Methods: To compare a novel SCB with a clinically proven PCB, 70 patients with de novo coronary lesions were enrolled at 4 centres in Germany and Switzerland. The primary endpoint was non-inferiority regarding angiographic late lumen loss (LLL) at 6 months, with a predefined margin of δ=0.35 mm. Secondary endpoints included procedural success, major adverse cardiac events, and individual clinical endpoints.
Results: Quantitative coronary angiography revealed no differences in baseline parameters. At 6 months, in-segment LLL was 0.04±0.39 mm in the PCB group versus 0.11±0.37 mm in the SCB group (non-significant), respectively. The mean difference between SCB and PCB was 0.07 mm (95% confidence interval: -0.12 to 0.26). Non-inferiority at the predefined margin of 0.35 was shown. Clinical event rates up to 12 months were not different between the groups (3 target lesion revascularisations in the PCB group versus 2 in the SCB group, no myocardial infarctions, no deaths).
Conclusions: The novel SCB showed similar angiographic outcomes in the treatment of de novo coronary disease as compared with a clinically proven PCB (ClinicalTrials.gov: NCT03908450).

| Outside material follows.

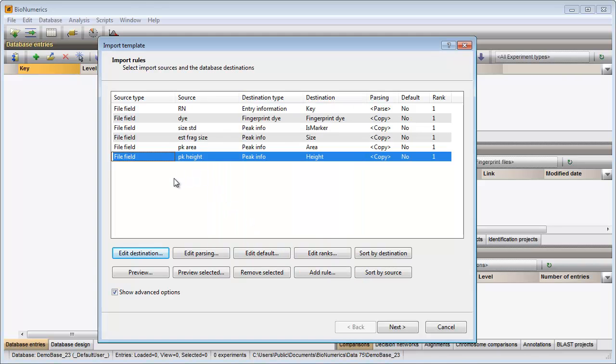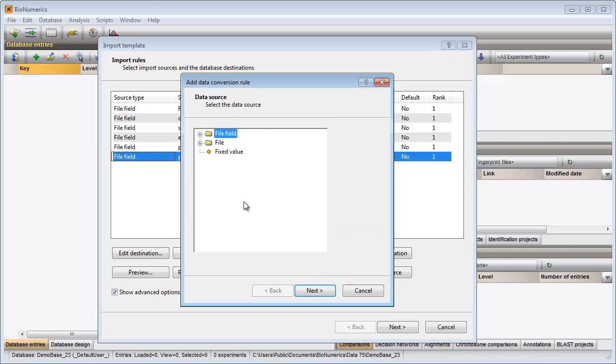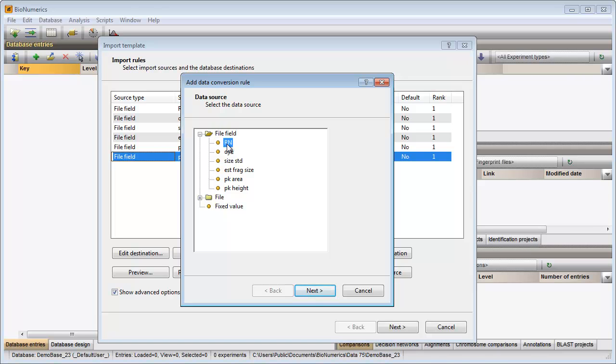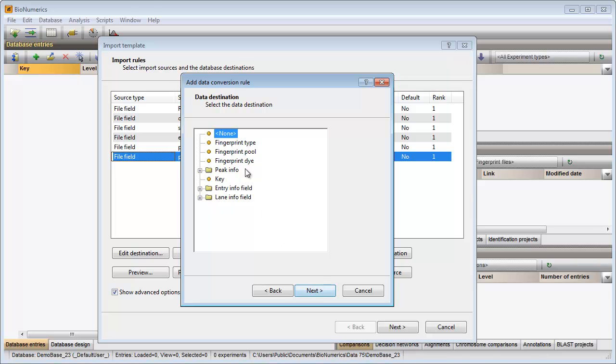Because the first column in my peak file does not only contain information about the samples, but also about the pools, I will add a new rule to the template. I press the add rule option. I choose the first column in my peak file as source, and the pool information as destination.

Conflict of interest statement
B. Scheller is a shareholder of InnoRa GmbH. N. Mangner has received personal fees from Edwards Lifesciences, Medtronic, Biotronik, Novartis, Sanofi Genzyme, AstraZeneca, Pfizer, Bayer, Abbott, Abiomed, and Boston Scientific, outside the submitted work. C. Schwenke is a consultant for InnoRa GmbH, on an honorary basis. R.V. Jeger received grants to the institution from Abbott, Amgen, AstraZeneca, Bayer, Biosense Webster, Biotronik, Boston Scientific, Bristol-Myers Squibb, Cardionovum, Cordis, Daiichi Sankyo, Edwards Lifesciences, GE HealthCare, MCM Medsys, Medtronic, Novartis, Pfizer, Terumo, and Vascular Medical GmbH. F. Mahfoud is supported by Deutsche Gesellschaft für Kardiologie (DGK), Deutsche Forschungsgemeinschaft (SFB TRR219, Project-ID 322900939), and Deutsche Herzstiftung; he has received scientific support from Ablative Solutions, Medtronic, and ReCor Medical; and speaker honoraria/consulting fees from Ablative Solutions, Amgen, AstraZeneca, Bayer, Boehringer Ingelheim, Inari, Medtronic, Merck, ReCor Medical, Servier, and Terumo. The other authors have no conflicts of interest to declare with regard to this study.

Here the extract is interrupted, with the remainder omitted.